Un procureur en chef adjoint a déclaré lors des audiences qu’un engagement de ne pas troubler l’ordre public avait été utilisé en décembre 2019 parce que Mme Khellaf avait refusé de témoigner, laissant la Couronne sans son témoin clé.

La coroner affirme que malgré les nombreuses améliorations apportées aux services disponibles depuis 2019, on devrait offrir davantage de soutien, de coordination et de sensibilisation sur la violence domestique, notamment en ce qui concerne les meurtres suivis de suicide au sein d’une même famille.

La coroner recommande notamment au ministère de la Justice de parachever l’implantation, prévue pour 2026, d’un tribunal spécialisé en matière de violence sexuelle et de violence conjugale à Montréal.

Elle recommande aussi de «prendre les actions requises» pour faire connaître le service d’évaluation des conjoints violents à l’étape de la mise en liberté provisoire, et d’accroître l’éducation des nouveaux immigrants et des jeunes sur la violence domestique et le contrôle coercitif.

La coroner a conclu que Mme Khellaf n’avait pas été informée en matière de violence domestique et de contrôle coercitif, et que le risque de violence de son mari n’avait pas été correctement évalué. Citant un comité d’experts qui a produit un rapport en 2019 sur les facteurs conduisant à la violence domestique, elle souligne qu’il peut être difficile pour des victimes comme Mme Khellaf de rompre les liens avec leur agresseur, surtout lorsque des enfants sont impliqués.

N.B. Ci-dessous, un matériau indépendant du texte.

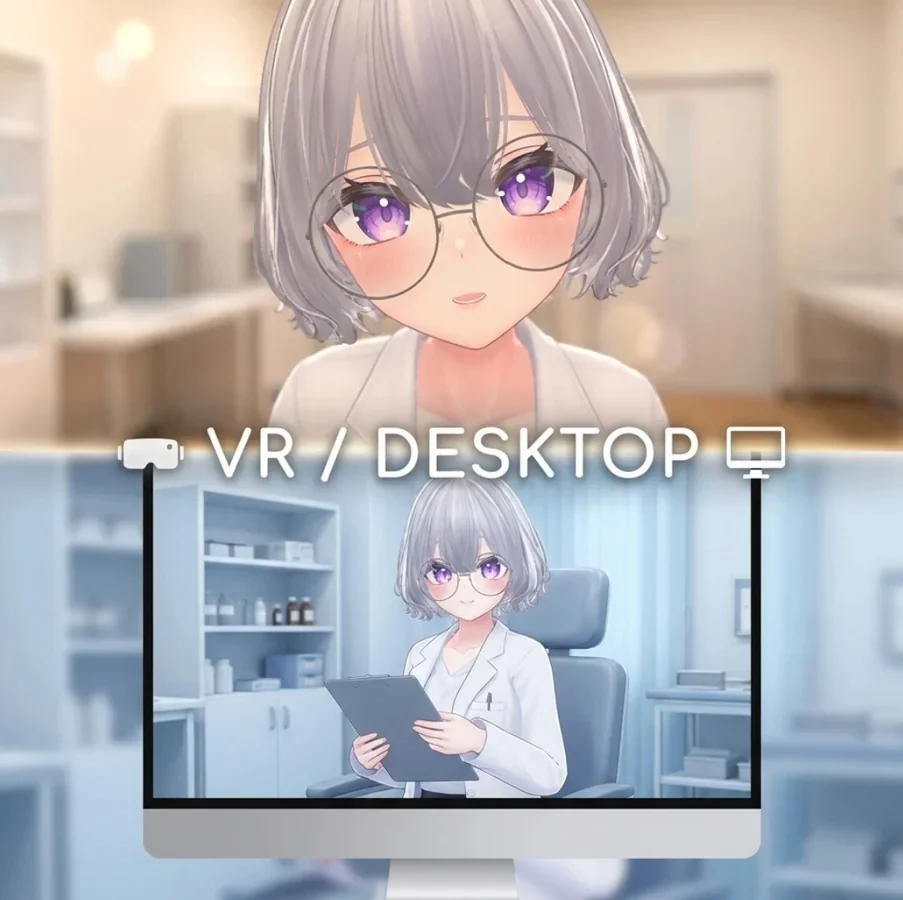 神奈的男士诊所VR与桌面模式宣传图，白衣角色坐在诊室中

Elle a également suggéré que les auteurs de ces crimes conjugaux devaient bénéficier de plus de ressources en amont, notamment des places d’hébergement.

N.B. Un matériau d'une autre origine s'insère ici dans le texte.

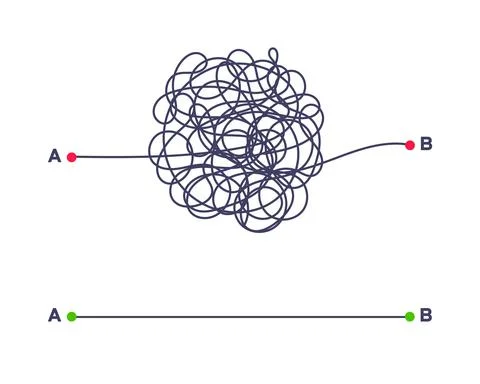 Complex and easy simple way from point A to B vector illustration. Illustration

«Même si les victimes sont au cœur des préoccupations, le comité ne veut pas ignorer les auteurs de violence. Afin d’endiguer de manière durable la violence conjugale, il faut développer une offre de services de qualité pour les individus agresseurs de manière préventive», écrit la coroner.

Une experte citée dans le rapport du coroner a déclaré que les homicides intrafamiliaux sont particulièrement difficiles à prévenir, car les victimes ont souvent honte de parler des agressions qu’elles subissent. La psychologue Suzanne Léveillée a souligné que M. Yssaad montrait des signes de personnalité narcissique, l’un des signes avant-coureurs dans les homicides familiaux.

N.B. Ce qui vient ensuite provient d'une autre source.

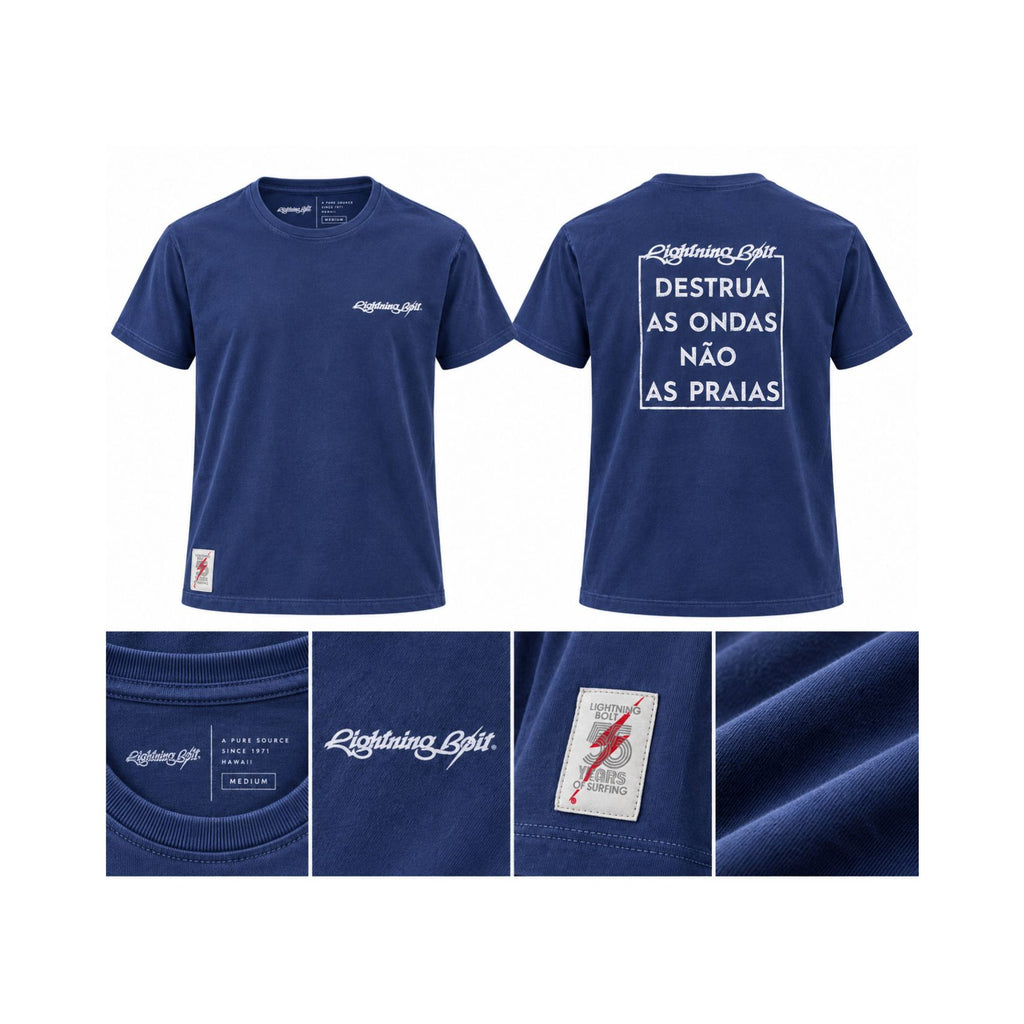 Camiseta estonada Destrua as Ondas 55 Anos - AZUL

Elle a estimé que tuer son ex-épouse et ses enfants était sa façon d’exercer un «contrôle ultime» sur sa famille, selon le rapport.

«En plaçant la famille dans le même lit après les meurtres, il voulait dire que celle-ci serait réunie pour toujours et que c’était son ultime décision et prise de contrôle», cite la coroner. «Il ne fait aucun doute, selon l’experte, qu’il avait planifié son geste.»